Count to ten, Rod. Don't type what you feel after reading about Graham Stringer's outrageous statement on dyslexia.
One, two, three, four...
The man thinks the education budget should be divided up in a different way. Fair enough. But he then advocates a one-size-fits-all approach to the teaching of reading and writing. Synthetic phonics. It will solve all problems and we will have 100% literacy, so he says.
But educational history is littered with debunked one-size-fits-all theories. When I go to a shoe shop for a pair of black lace-ups, I expect them to ask what size my feet are before offering me a pair to try on. Or better still, having them measured. How much more, then, would I hope that our children in schools are being assessed and appropriate educational methods offered to them!
What this MP seems to believe is that if we were to reach 100% literacy then we would have proved that dyslexia does not exist. He does not seem to realise that dyslexia is not a synonym for illiteracy. It is a difference in the hard-wiring of the brain that causes significant differences in ability. Dyslexia confers some advantages and some disadvantages. It is not a disease. It is not 'cured' when a child learns to read.

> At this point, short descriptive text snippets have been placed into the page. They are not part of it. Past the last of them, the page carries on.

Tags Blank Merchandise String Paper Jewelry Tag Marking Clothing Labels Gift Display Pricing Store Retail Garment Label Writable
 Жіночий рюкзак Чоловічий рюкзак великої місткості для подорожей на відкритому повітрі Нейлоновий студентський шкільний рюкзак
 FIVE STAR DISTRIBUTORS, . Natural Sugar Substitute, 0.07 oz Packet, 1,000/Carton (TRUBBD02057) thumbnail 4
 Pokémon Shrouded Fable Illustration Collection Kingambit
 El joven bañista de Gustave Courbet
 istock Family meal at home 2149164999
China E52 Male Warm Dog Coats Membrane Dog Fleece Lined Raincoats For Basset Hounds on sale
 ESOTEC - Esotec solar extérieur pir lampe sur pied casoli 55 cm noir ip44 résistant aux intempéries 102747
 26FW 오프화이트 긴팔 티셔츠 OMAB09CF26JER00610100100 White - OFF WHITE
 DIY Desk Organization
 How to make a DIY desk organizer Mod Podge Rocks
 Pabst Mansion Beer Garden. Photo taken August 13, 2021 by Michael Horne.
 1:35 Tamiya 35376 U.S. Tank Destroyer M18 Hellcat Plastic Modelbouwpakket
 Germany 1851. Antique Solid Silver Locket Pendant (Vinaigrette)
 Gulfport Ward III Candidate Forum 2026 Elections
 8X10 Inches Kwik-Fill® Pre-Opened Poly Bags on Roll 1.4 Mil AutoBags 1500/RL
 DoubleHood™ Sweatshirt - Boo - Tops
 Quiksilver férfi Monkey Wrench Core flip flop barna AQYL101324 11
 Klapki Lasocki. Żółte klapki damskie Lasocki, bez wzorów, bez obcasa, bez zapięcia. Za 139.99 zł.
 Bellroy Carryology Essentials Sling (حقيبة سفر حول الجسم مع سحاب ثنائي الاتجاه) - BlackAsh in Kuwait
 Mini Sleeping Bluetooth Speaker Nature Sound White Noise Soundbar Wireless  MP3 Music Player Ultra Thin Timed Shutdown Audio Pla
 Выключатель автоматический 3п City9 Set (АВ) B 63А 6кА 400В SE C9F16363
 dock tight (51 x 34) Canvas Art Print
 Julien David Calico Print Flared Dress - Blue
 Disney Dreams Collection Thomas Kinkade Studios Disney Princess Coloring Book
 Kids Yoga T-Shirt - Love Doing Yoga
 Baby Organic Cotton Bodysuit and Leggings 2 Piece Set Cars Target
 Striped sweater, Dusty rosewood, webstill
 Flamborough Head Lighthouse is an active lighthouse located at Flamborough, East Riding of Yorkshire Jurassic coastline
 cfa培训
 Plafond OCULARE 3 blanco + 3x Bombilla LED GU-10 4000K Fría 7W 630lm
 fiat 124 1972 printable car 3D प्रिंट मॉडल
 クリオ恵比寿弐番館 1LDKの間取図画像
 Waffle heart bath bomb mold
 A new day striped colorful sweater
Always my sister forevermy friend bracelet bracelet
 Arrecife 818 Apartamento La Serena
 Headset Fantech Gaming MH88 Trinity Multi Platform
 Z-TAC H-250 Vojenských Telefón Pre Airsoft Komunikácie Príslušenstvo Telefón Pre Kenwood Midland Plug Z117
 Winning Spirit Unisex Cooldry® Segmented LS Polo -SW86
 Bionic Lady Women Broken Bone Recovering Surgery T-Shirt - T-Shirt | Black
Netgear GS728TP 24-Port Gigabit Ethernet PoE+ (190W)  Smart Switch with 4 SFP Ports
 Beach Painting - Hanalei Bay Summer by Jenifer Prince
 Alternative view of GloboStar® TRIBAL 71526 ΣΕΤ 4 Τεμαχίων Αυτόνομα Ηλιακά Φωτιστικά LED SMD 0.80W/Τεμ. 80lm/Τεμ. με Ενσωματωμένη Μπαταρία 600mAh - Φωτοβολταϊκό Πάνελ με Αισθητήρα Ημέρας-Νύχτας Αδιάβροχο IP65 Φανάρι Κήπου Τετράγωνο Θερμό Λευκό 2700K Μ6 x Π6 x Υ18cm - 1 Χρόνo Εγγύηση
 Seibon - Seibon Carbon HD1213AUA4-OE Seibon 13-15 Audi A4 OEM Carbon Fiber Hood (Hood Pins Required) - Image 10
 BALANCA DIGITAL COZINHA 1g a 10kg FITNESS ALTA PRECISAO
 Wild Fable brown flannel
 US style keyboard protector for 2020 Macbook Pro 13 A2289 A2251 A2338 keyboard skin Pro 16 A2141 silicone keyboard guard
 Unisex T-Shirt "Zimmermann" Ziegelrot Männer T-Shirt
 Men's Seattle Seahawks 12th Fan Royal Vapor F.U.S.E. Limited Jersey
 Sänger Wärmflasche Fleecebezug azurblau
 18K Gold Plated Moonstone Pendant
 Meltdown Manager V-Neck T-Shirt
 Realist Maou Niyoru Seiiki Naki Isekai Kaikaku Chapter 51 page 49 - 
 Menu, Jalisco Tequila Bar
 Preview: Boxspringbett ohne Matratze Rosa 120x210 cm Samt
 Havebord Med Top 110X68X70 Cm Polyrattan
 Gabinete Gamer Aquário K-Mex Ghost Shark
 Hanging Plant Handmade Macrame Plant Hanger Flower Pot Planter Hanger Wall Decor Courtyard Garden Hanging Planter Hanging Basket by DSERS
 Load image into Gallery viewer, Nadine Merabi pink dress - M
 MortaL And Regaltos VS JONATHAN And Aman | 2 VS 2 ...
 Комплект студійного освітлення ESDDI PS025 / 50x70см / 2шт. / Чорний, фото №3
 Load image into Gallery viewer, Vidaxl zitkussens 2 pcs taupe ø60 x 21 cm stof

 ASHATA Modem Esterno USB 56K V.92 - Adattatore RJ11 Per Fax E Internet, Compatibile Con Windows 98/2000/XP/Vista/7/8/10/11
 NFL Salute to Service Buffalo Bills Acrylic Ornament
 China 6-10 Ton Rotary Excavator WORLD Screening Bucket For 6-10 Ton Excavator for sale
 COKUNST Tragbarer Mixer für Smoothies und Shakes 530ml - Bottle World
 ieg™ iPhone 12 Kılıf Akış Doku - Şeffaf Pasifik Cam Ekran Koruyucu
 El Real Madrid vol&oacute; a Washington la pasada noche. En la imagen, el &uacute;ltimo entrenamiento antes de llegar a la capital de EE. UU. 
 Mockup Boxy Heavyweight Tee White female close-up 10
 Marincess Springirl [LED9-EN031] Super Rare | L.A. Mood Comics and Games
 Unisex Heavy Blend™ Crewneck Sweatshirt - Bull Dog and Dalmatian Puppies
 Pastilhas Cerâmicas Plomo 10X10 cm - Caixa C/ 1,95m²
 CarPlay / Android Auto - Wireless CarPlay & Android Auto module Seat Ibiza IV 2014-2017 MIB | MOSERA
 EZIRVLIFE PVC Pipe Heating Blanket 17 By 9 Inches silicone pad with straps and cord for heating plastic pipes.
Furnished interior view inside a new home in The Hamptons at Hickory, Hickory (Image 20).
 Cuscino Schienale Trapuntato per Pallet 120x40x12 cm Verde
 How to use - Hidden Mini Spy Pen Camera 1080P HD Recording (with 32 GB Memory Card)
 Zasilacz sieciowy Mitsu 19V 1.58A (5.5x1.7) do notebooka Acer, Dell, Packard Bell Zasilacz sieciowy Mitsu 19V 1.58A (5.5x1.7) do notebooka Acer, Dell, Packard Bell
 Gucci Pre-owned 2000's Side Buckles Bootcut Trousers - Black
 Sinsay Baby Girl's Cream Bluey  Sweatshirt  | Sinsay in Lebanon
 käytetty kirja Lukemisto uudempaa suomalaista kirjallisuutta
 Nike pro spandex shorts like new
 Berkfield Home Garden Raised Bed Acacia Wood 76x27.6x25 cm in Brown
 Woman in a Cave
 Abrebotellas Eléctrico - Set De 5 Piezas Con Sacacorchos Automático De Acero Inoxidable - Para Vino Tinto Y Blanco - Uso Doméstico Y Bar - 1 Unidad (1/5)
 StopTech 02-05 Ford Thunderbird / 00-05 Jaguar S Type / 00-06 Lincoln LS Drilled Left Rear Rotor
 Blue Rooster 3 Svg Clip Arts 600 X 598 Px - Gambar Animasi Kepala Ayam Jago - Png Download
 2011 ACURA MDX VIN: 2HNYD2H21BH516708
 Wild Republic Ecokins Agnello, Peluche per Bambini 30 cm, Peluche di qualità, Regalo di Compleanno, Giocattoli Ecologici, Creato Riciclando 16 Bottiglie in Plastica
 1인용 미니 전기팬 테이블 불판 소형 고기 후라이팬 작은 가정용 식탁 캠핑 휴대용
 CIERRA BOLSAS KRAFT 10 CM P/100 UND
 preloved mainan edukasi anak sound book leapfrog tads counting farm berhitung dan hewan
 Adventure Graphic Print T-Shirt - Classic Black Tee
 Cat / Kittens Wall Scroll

This is turning into a rant. I must count to ten. I really must.
Five, six, seven... Agggghhhhh!
It's the distress that this statement will cause that annoys me. There are children and adults out there who have always struggled with reading and have just been told that they aren't lazy after all. They don't have to feel the guilt they have been feeling all their lives. It isn't that they are sinful. Other people were just finding it easier. It wasn't that the others were more virtuous or were trying harder. The relief that comes with this knowledge! It is the beginning of healing.
And then they read that Mr Graham Stringer MP in his infinite wisdom has informed the world that there is no such thing as dyslexia. Go back to feeling guilty all you dyslexics. Mr Graham Stringer has spoken.
Count to ten, Rod. Seven, eight, nine, ten.
There. I have counted. But I am still angry. And therefore I must stop.